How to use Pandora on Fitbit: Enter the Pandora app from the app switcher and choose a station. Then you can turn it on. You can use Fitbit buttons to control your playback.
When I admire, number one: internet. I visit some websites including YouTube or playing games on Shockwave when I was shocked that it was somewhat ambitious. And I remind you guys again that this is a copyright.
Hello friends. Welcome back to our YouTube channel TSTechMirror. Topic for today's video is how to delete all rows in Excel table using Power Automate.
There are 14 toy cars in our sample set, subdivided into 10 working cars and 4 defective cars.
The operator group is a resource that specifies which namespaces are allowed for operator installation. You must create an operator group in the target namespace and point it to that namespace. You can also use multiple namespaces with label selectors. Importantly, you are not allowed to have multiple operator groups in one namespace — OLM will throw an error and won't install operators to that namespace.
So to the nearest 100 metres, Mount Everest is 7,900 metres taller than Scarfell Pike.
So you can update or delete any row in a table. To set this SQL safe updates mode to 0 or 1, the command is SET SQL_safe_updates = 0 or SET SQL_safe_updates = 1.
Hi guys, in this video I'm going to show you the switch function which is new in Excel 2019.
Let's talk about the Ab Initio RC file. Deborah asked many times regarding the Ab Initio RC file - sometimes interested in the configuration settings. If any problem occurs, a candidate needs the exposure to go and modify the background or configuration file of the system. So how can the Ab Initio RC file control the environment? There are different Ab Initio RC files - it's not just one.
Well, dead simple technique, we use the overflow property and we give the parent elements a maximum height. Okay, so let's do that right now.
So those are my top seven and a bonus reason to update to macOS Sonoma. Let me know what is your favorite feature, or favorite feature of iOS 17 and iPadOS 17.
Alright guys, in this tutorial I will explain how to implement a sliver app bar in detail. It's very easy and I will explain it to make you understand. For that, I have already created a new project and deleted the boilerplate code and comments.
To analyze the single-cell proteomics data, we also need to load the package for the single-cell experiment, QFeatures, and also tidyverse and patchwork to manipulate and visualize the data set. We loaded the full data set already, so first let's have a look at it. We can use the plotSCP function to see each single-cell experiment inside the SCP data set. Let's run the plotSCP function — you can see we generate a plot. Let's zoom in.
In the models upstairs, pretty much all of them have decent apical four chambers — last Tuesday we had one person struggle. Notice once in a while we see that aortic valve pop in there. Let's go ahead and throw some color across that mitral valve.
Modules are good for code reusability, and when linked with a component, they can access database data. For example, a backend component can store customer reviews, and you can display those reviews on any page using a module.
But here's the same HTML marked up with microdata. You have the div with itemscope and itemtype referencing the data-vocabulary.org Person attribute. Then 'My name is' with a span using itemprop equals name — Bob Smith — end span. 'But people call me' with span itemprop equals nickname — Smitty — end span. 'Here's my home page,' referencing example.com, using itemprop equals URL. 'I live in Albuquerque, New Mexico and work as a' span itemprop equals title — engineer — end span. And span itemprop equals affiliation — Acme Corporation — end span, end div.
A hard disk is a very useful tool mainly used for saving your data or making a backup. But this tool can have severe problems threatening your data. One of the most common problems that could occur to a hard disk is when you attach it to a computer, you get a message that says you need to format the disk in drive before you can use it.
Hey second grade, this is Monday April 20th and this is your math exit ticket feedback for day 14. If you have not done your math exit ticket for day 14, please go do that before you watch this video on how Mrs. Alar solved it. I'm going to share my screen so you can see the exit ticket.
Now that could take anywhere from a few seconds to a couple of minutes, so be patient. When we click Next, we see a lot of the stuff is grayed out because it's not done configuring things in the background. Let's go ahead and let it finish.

INSTRUCTIONS FOR THE TASK :: Give back, verbatim, the lines from the top of the entries above through the line containing "Hi guys, in".

ANSWER SPACE ::
How to use Pandora on Fitbit: Enter the Pandora app from the app switcher and choose a station. Then you can turn it on. You can use Fitbit buttons to control your playback.
When I admire, number one: internet. I visit some websites including YouTube or playing games on Shockwave when I was shocked that it was somewhat ambitious. And I remind you guys again that this is a copyright.
Hello friends. Welcome back to our YouTube channel TSTechMirror. Topic for today's video is how to delete all rows in Excel table using Power Automate.
There are 14 toy cars in our sample set, subdivided into 10 working cars and 4 defective cars.
The operator group is a resource that specifies which namespaces are allowed for operator installation. You must create an operator group in the target namespace and point it to that namespace. You can also use multiple namespaces with label selectors. Importantly, you are not allowed to have multiple operator groups in one namespace — OLM will throw an error and won't install operators to that namespace.
So to the nearest 100 metres, Mount Everest is 7,900 metres taller than Scarfell Pike.
So you can update or delete any row in a table. To set this SQL safe updates mode to 0 or 1, the command is SET SQL_safe_updates = 0 or SET SQL_safe_updates = 1.
Hi guys, in this video I'm going to show you the switch function which is new in Excel 2019.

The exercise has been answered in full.